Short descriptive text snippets
+ + + + + + +

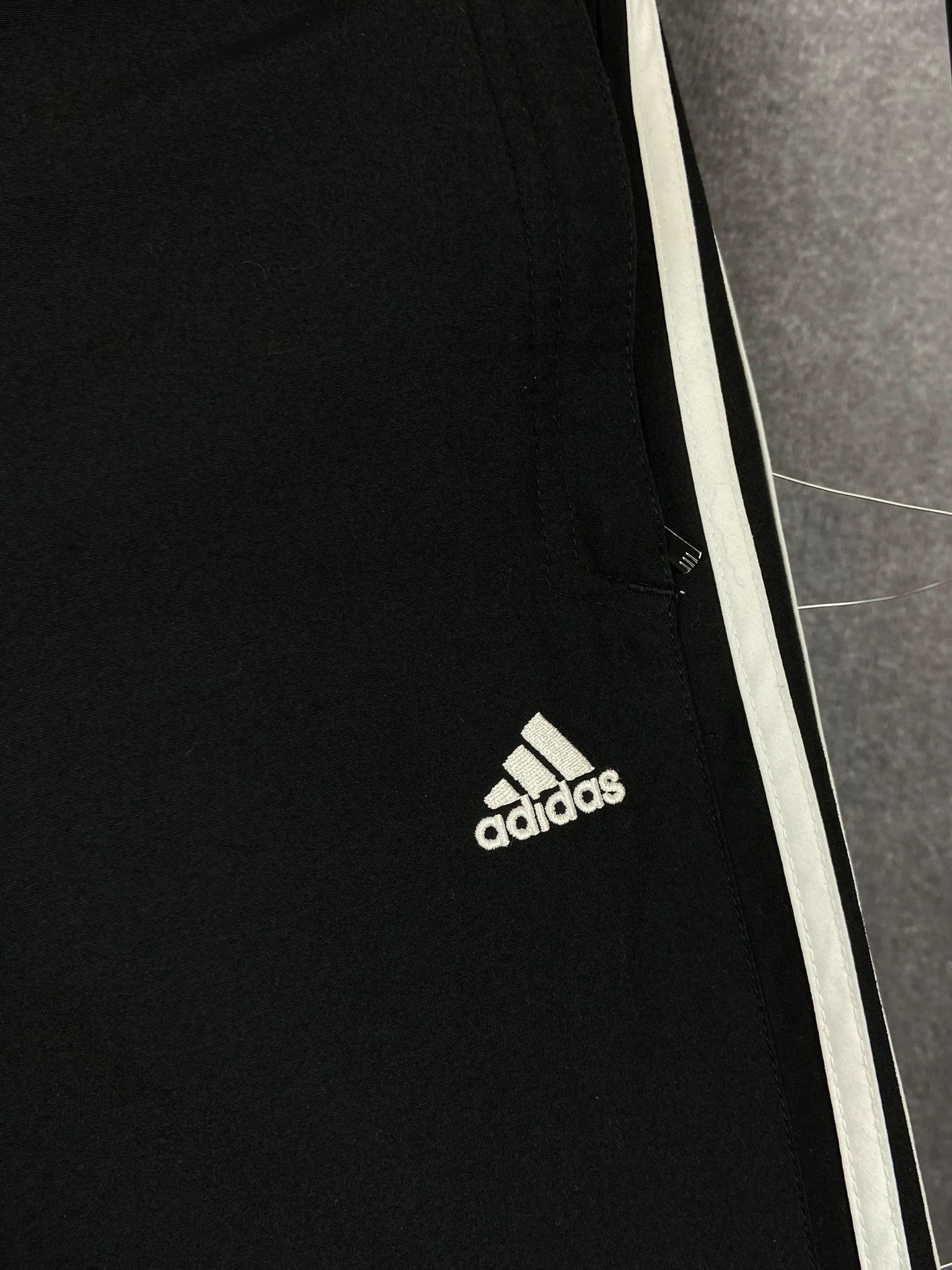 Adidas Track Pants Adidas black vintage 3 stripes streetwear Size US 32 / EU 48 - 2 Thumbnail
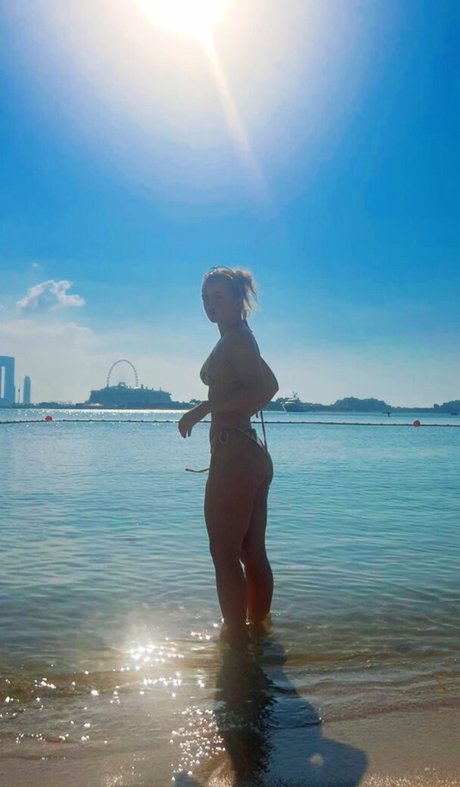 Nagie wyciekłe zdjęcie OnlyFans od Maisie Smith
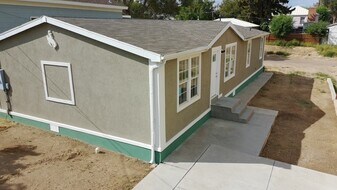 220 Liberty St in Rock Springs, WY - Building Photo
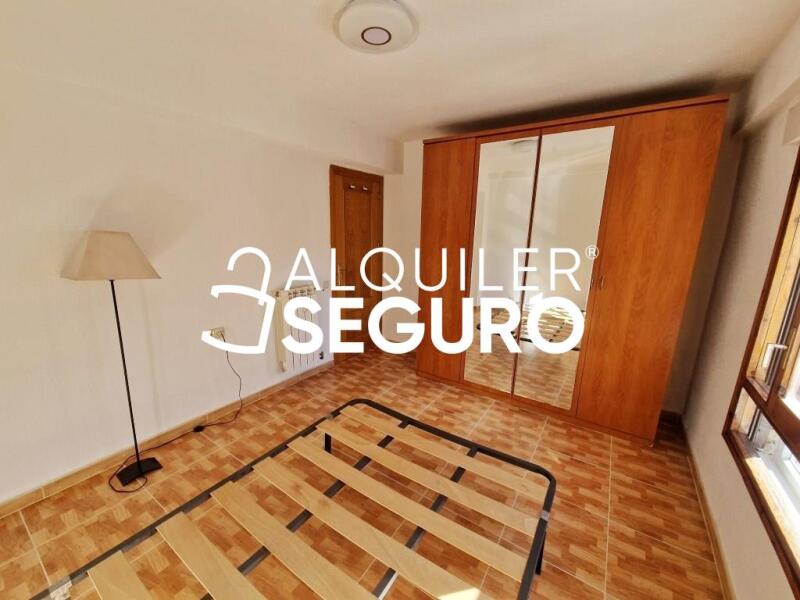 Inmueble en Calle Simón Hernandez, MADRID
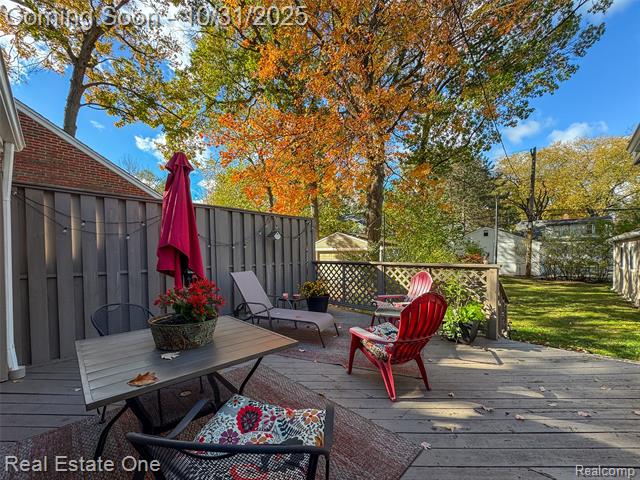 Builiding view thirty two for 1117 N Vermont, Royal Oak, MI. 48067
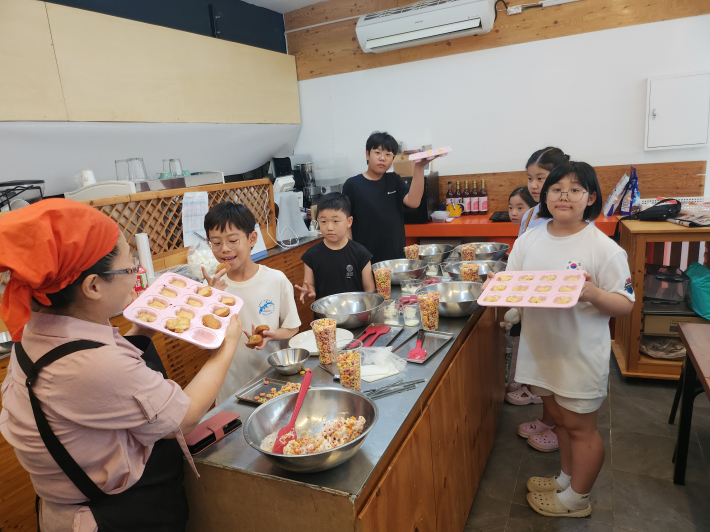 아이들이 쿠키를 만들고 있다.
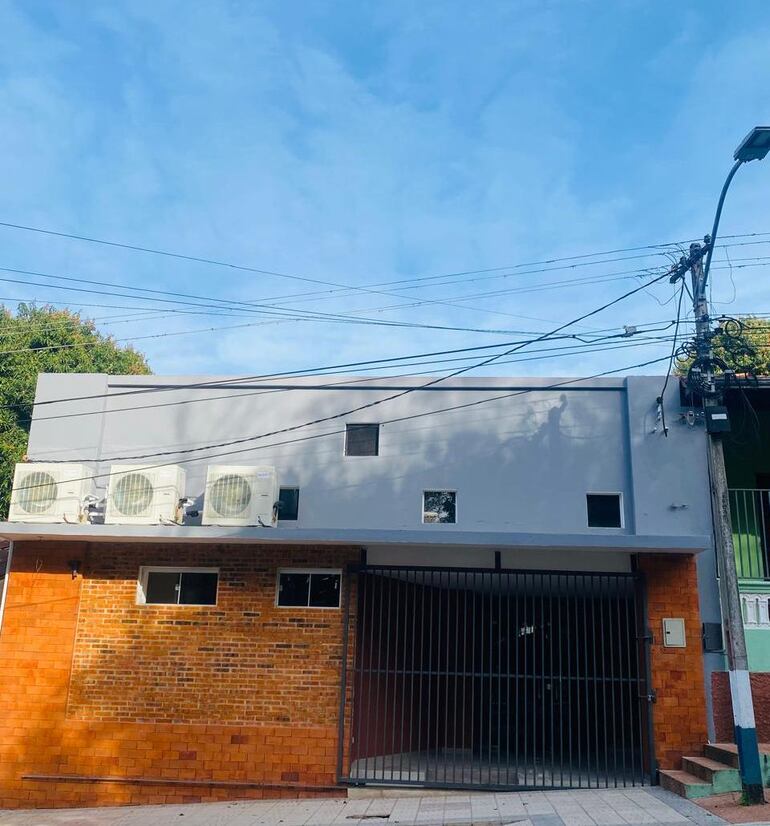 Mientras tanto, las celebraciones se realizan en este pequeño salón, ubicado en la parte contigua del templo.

+ + + + + + +

Exercise instructions: Nothing but the lines from the one containing "아이들이 쿠키를 만들고 있다." through the final line of the records, both included and copied exactly, should appear in the answer; pictures stay out.

Problem solution:
 아이들이 쿠키를 만들고 있다.
 Mientras tanto, las celebraciones se realizan en este pequeño salón, ubicado en la parte contigua del templo.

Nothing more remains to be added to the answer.